J. Conduct of Business.
Until the Closing, except with the prior written consent
of Purchaser, which shall not be unreasonably withheld:
1. the Affiliated Companies will:
a. maintain their books, accounts and records in
the usual, regular and ordinary manner;
b. pay and discharge when due all taxes,
assessments and governmental charges imposed upon them or any of
their properties, or upon the income or profit therefrom;
c. fully and timely perform their obligations under
all contracts, agreements, instruments and arrangements; and
d. operate in such a manner as to assure that the
representations and warranties of the Affiliated Companies set
forth in the Investment Agreement will be true and correct as of
the Closing.
2. the Affiliated Companies will not:
a. incur any indebtedness for borrowed money (other
than loans provided by one or more financial institutions which
loans may be secured by assets of the Affiliated Companies and
their subsidiaries), make any loans or advances (other than in
the normal course of business consistent with prior practice) to
any individual, firm or unaffiliated corporation or assume,
guarantee or endorse or otherwise become responsible for the
obligation of any other individual, firm or unaffiliated
corporation; or
b. take any other action which would adversely
affect or detract from the value of their assets or their
business.
K. "No Shop" Clause.
The Affiliated Companies acknowledge that, upon execution of
this Letter of Intent, Purchaser will proceed with its due
diligence investigation, will retain counsel, accountants and
other advisers, and will commence preparation of documents to
implement the terms hereof. Accordingly, from the date of this
Letter of Intent through a date not later than 210 days following
the Execution Date, or if the Execution Date does not occur, 60
days following the date of this Letter of Intent, neither Bernau,
nor the Affiliated Companies nor the Affiliated Companies's
employees or agents will directly or indirectly contact, solicit
from, or negotiate with anyone other than Purchaser regarding the
sale or potential sale of the assets, the business or any
ownership interest in the Affiliated Companies.
L. Miscellaneous Provisions.
1. If suit or action is instituted to interpret or
enforce any binding provision of this Letter of Intent, the
prevailing party shall be entitled to recover reasonable attorney
fees from the losing party in the trial and all appellate courts,
in addition to any other recovery and costs.
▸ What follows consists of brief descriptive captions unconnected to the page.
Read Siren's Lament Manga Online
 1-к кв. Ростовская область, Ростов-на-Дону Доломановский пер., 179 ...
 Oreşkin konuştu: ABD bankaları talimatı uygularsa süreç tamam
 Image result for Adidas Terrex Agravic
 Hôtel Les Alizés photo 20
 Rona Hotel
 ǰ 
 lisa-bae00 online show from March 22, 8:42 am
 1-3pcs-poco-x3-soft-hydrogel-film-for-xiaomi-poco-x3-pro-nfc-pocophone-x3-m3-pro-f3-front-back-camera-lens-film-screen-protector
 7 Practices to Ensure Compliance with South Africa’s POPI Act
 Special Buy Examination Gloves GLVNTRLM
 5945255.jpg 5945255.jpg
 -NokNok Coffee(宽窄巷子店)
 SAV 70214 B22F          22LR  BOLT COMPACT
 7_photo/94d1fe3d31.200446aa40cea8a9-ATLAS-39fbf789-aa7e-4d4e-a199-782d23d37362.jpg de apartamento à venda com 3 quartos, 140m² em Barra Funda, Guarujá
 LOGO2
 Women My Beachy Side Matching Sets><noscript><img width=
The attorney fee
award shall include a reasonable amount in connection with
enforcement of the judgment.
2. The validity, construction, enforceability and effect
of this Letter of Intent, and the rights and obligations of the
parties, shall be determined in accordance with the laws of the
State of California other than California's laws concerning
conflicts of laws.
3. All disputes relating to this Letter of Intent shall
be litigated only in the state and federal courts located in San
Francisco County, California.
4. This Letter of Intent may be executed in any number
of counterparts, and by different parties hereto on separate
counterparts, and all counterparts shall constitute a single
document. The execution and delivery of any counterpart by any
person shall have the same force and effect as if that person had
executed and delivered all other counterparts. The electronic
facsimile transmission of a copy of this Letter of Intent by any
party shall have the same force and effect as the physical
delivery to the other party of an original counterpart bearing
the first party's signature.
M. Effect of This Letter of Intent.
The parties shall be bound by Sections E.1, I, J, K and L above.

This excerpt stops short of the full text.